**RECORDS FOR THIS TASK:**
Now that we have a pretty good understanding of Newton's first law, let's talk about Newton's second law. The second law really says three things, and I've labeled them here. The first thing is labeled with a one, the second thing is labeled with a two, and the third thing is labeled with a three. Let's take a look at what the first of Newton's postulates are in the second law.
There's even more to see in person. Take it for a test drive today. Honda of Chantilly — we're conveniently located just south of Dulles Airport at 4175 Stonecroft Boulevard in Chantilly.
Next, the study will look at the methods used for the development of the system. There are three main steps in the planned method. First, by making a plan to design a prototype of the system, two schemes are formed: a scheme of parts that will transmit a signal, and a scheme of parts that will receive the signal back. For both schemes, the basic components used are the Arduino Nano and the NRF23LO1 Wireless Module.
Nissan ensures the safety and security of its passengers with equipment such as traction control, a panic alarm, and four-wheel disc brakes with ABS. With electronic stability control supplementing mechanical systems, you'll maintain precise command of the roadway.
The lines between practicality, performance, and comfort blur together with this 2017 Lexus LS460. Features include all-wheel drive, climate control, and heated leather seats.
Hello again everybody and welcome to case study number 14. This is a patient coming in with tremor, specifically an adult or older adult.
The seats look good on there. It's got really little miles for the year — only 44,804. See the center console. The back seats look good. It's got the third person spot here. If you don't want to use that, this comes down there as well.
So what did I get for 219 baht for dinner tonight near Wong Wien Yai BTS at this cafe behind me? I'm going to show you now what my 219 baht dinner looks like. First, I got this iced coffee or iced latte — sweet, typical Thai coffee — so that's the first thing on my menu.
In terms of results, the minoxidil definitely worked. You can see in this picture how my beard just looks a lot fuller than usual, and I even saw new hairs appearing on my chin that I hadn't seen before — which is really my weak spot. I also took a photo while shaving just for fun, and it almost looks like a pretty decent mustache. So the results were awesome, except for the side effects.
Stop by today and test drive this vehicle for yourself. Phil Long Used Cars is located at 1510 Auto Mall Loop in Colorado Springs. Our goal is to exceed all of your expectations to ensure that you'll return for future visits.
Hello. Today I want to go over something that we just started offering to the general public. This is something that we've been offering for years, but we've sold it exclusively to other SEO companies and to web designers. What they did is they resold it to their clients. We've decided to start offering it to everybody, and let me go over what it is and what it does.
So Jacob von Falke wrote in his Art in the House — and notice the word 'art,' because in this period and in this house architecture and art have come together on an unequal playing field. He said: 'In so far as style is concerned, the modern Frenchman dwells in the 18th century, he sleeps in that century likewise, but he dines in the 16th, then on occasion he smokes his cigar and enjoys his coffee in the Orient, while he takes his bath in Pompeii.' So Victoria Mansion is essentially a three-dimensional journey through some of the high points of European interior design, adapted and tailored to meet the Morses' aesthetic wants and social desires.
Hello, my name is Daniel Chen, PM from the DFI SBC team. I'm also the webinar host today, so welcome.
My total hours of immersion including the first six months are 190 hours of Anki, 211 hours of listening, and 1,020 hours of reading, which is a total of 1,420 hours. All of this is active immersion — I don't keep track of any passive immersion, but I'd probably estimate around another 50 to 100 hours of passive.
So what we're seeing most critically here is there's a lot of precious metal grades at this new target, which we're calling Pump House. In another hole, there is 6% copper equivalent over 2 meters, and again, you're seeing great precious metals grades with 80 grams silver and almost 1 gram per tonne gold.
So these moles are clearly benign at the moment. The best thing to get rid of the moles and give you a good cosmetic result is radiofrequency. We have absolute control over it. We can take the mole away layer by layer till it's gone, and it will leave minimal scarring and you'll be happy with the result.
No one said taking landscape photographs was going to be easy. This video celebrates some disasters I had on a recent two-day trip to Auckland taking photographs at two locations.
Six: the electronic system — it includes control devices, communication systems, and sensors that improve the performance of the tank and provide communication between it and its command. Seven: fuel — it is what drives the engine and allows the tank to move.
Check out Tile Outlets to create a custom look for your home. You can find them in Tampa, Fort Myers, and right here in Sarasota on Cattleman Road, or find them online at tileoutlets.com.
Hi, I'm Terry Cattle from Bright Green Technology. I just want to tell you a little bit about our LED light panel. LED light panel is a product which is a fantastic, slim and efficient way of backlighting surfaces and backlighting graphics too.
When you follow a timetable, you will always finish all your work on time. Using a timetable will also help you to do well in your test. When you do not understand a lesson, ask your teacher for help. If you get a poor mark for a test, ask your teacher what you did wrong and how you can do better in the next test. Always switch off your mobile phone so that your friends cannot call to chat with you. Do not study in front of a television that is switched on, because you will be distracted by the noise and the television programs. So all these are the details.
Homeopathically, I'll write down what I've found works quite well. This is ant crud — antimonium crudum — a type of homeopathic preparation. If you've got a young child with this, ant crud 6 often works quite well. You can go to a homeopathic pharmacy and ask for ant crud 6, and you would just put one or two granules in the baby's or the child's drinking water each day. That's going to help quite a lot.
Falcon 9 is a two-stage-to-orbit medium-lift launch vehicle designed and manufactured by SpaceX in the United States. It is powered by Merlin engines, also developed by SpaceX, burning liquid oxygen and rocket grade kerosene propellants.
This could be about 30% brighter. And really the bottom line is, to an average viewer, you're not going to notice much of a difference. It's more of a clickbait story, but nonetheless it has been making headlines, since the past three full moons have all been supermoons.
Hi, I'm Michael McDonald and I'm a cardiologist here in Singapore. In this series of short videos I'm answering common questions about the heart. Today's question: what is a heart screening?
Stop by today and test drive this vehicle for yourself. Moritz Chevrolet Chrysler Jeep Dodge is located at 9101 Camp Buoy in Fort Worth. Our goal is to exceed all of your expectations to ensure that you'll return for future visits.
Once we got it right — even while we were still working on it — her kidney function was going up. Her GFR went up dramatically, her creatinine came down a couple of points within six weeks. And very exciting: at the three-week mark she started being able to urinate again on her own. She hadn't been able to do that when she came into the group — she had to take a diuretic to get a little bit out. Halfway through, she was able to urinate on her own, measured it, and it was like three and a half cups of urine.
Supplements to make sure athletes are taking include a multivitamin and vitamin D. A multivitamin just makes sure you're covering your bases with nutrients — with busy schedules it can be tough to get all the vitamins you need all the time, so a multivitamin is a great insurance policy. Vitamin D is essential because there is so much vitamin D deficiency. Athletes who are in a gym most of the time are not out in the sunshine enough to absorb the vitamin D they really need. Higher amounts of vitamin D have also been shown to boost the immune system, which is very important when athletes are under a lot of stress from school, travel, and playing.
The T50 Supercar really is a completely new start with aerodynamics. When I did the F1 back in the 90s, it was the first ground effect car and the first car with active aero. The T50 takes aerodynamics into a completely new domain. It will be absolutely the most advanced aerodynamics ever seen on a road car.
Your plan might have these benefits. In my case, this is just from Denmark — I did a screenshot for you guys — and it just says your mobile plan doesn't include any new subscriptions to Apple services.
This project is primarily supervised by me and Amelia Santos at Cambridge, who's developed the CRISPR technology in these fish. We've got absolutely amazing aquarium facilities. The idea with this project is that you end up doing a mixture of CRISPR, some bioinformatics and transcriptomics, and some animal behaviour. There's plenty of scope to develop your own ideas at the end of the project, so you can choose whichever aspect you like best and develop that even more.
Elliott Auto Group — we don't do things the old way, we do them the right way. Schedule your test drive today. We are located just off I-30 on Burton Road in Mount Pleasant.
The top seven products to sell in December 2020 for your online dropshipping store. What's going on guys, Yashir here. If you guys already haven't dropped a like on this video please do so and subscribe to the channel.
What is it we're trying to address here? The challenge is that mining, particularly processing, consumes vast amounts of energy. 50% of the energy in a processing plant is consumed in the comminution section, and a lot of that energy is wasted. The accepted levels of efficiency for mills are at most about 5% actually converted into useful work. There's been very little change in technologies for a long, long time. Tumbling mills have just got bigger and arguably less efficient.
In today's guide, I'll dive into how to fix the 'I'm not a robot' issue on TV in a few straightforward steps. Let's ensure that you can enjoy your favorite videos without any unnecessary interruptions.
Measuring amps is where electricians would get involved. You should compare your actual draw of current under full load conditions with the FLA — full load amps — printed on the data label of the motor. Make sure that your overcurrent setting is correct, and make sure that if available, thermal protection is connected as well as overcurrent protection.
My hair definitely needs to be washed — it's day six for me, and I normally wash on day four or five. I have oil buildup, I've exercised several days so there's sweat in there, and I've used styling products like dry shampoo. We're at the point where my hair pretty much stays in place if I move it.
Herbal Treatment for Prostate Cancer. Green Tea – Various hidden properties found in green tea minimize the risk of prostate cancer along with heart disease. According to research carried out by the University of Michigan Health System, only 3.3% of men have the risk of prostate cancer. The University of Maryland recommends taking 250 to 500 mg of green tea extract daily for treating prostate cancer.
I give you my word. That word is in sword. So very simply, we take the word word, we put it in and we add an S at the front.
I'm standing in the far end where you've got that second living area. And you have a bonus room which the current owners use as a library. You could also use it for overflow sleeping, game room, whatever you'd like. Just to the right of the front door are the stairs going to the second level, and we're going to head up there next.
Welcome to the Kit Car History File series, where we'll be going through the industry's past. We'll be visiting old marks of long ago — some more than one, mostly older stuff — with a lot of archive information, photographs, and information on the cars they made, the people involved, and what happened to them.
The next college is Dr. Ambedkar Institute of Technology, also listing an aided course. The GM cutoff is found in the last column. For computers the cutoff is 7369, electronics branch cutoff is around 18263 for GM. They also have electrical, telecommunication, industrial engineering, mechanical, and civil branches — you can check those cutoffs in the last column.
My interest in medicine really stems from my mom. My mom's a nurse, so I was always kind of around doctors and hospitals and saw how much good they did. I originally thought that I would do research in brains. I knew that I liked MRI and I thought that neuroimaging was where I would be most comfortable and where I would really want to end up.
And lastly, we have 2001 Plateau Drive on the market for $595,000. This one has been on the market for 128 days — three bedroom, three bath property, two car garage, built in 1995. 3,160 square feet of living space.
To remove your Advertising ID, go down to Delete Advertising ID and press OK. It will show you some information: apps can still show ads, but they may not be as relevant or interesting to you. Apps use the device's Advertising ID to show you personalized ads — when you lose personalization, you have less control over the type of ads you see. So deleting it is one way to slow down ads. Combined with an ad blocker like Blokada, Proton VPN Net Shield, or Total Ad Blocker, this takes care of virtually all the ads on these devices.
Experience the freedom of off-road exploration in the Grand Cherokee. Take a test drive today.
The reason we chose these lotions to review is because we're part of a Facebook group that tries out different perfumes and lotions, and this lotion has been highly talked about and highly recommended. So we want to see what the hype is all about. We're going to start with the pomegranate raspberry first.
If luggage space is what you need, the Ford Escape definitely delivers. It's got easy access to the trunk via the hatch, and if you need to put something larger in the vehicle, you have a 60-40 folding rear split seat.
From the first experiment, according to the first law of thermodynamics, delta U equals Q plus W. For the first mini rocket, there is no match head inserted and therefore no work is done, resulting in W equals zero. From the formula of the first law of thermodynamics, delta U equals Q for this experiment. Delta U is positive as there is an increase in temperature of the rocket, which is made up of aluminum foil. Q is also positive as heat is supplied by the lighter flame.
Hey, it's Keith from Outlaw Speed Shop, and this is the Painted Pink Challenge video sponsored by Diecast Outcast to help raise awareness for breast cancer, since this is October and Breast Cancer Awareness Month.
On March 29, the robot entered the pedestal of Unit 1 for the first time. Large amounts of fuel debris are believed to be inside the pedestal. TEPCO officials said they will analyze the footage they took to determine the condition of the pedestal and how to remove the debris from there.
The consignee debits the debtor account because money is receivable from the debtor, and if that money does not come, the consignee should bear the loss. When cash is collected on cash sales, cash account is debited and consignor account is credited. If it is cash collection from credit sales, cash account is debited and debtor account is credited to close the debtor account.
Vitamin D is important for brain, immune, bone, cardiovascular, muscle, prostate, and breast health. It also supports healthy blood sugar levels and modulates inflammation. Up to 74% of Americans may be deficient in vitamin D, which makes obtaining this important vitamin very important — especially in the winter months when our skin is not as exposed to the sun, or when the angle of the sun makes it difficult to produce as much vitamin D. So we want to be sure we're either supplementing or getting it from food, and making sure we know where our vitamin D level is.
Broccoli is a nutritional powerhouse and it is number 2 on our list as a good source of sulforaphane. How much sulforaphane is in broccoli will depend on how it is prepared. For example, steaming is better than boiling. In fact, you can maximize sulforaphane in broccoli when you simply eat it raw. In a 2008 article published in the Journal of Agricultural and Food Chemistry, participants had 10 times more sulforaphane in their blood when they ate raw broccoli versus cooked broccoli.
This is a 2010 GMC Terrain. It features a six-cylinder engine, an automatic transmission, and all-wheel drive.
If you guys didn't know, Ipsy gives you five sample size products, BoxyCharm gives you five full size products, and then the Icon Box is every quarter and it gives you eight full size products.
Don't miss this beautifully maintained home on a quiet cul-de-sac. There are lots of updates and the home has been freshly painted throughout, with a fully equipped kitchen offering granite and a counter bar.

**WORK REQUEST:**
In the material above, each line with the word "bath" should be copied.

**RESPONSE BOX:**
So Jacob von Falke wrote in his Art in the House — and notice the word 'art,' because in this period and in this house architecture and art have come together on an unequal playing field. He said: 'In so far as style is concerned, the modern Frenchman dwells in the 18th century, he sleeps in that century likewise, but he dines in the 16th, then on occasion he smokes his cigar and enjoys his coffee in the Orient, while he takes his bath in Pompeii.' So Victoria Mansion is essentially a three-dimensional journey through some of the high points of European interior design, adapted and tailored to meet the Morses' aesthetic wants and social desires.
And lastly, we have 2001 Plateau Drive on the market for $595,000. This one has been on the market for 128 days — three bedroom, three bath property, two car garage, built in 1995. 3,160 square feet of living space.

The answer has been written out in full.